Le vieux monde est donc celui qui est encore cantonné dans la servitude ancestrale, le nouveau monde étant celui qui, depuis le XVIIIe siècle, conquiert progressivement sa liberté. La conquête de la liberté est lente puisque l’esclavage n’a été aboli aux États-Unis qu’en 1865 (13e amendement) et le droit de vote de l’ensemble des femmes américaines accordé en 1920 (19e amendement). Il a fallu attendre 1944 en France pour que les femmes puissent voter.
À l’échelle de l’histoire de l’humanité ce ne sont là cependant que des durées infinitésimales. La carte ci-dessus de L’Economist Intelligence Unit n’aurait comporté au milieu du XVIIIe siècle aucune démocratie. Deux siècles et demi plus tard, il en existe plusieurs dizaines. La liberté n’a donc cessé de progresser dans le monde.
La résistance du vieux monde
Face à ces progrès de la liberté, les autocraties ont férocement résisté en s’appuyant principalement sur une religion (le christianisme en Occident aux XVIIIe et XIXe siècles, l’Islam aujourd’hui) ou sur une idéologie (le marxisme-léninisme, le fascisme, le nazisme). Parfois, l’idéologie n’a plus de prise car la dictature a conduit le pays à l’échec. C’est le cas de l’URSS. Mais la religion orthodoxe a repris auprès des gouvernants russes les galons qu’elle avait perdus sous le communisme. Le petit nombre des dirigeants a toujours besoin d’une croyance populaire forte pour asseoir sa domination. La transcendance est nécessaire pour ceux qui doivent supporter une existence de labeur et d’obéissance. Depuis les temps les plus anciens, ceux qui veulent accaparer le pouvoir l’ont compris.

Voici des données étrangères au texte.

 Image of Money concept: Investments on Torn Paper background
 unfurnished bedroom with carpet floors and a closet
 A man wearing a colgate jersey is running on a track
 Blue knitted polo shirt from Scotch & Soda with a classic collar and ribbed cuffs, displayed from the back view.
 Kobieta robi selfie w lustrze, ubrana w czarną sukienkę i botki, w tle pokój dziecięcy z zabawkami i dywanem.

Les autocrates considèrent la force, la violence, le mensonge, la ruse comme des modalités normales des relations internationales. Au XXIe siècle, la résistance de ce vieux monde hostile à l’autonomie de l’individu se manifeste par la guerre et le terrorisme. La Russie de Vladimir Poutine affectionne tout particulièrement l’arme de la guerre pour faire reculer les démocraties. Elle est constamment en guerre. La guerre en Ukraine constituera pour l’histoire de l’humanité un épisode absolument essentiel. Ce pays veut en effet quitter le vieux monde de l’autocratie et conquérir sa liberté. Évidemment, l’Ukraine ayant été rattachée à l’ancienne URSS, cette magnifique ambition est considérée comme un casus belli par les dirigeants russes. Ils craignent l’effet de contagion.

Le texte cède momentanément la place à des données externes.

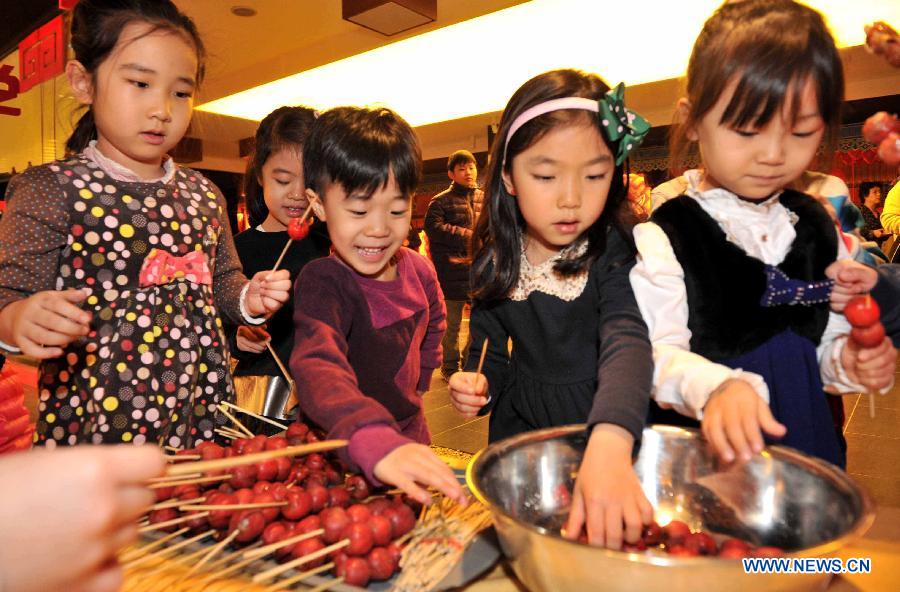 Children learn to make the "sugar-coated haws on a stick", a traditional Chinese snack, at a children centre in Tianjin, north China, Jan. 30, 2013. More than twenty children were invited to learn to make decorations and snacks to greet the upcoming Spring Festival which falls on Feb. 10 this year. (Xinhua/Yue Yuewei)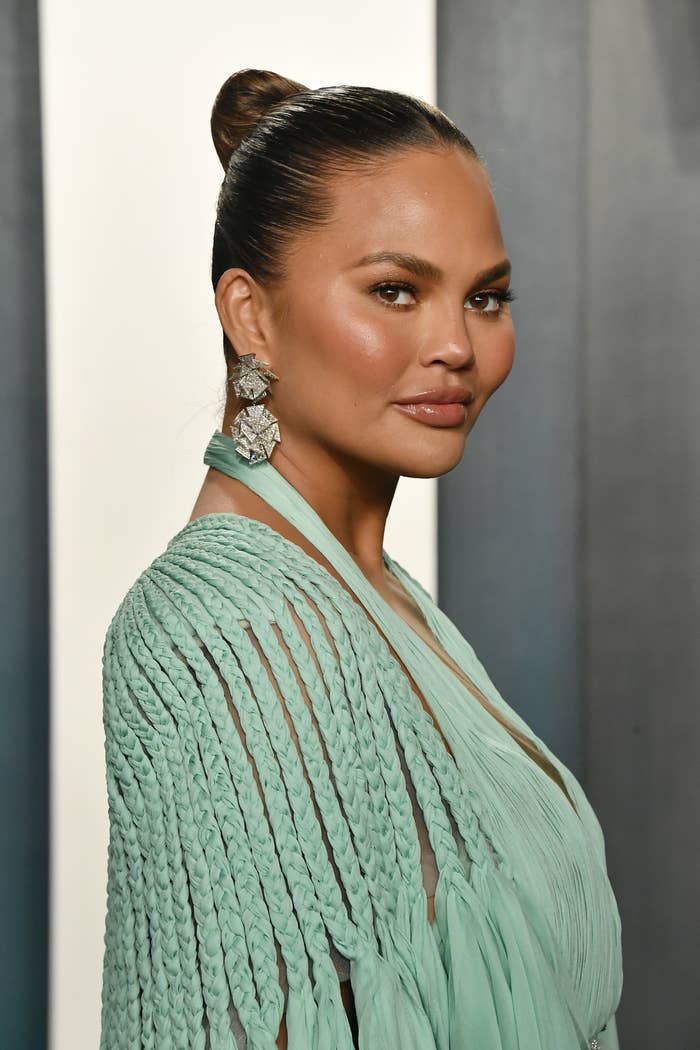 Chrissy Teigen at the 2020 Vanity Fair Oscar Party wearing a braided dress, long earrings, and her hair up in a bun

Le terrorisme est l’arme actuelle des partisans des autocraties islamistes. Le prétexte religieux d’une application littérale d’un vieux texte du VIIe siècle (le Coran) ne peut convaincre que les jeunes à la dérive, en général incultes, qui massacrent des innocents. Il s’agit en réalité de tenter de déstabiliser les démocraties considérées comme un danger. Par qui ? Par le petit nombre de ceux qui dirigent les pays soumis à l’Islam comme religion officielle : monarques, aristocratie héréditaire et tous ceux qui ont accepté de les servir par intérêt.
Vivre libre
Parmi les peuples du nouveau monde, certains croient en un dieu ou une idéologie, d’autres non. Mais les croyants ne cherchent pas à imposer leur croyance à l’ensemble de la population par le relai politique. Notre valeur fondamentale est l’autonomie de l’individu, toute récente après des millénaires d’hétéronomie. Il fallait se soumettre, l’esclave au maître, le serf au seigneur, le seigneur au roi, la femme à l’homme, l’homme à la divinité. Dès l’enfance, était apprise l’obéissance à l’autorité des puissants et des dieux, considérée comme naturelle.
Vivre libre est désormais la normalité dans les démocraties du monde entier. Les enfants demandent des justifications aux restrictions à leur liberté et il est parfois difficile de les trouver. Il faut surtout leur apprendre que leur liberté est fragile et qu’ils devront toujours lutter pour la préserver.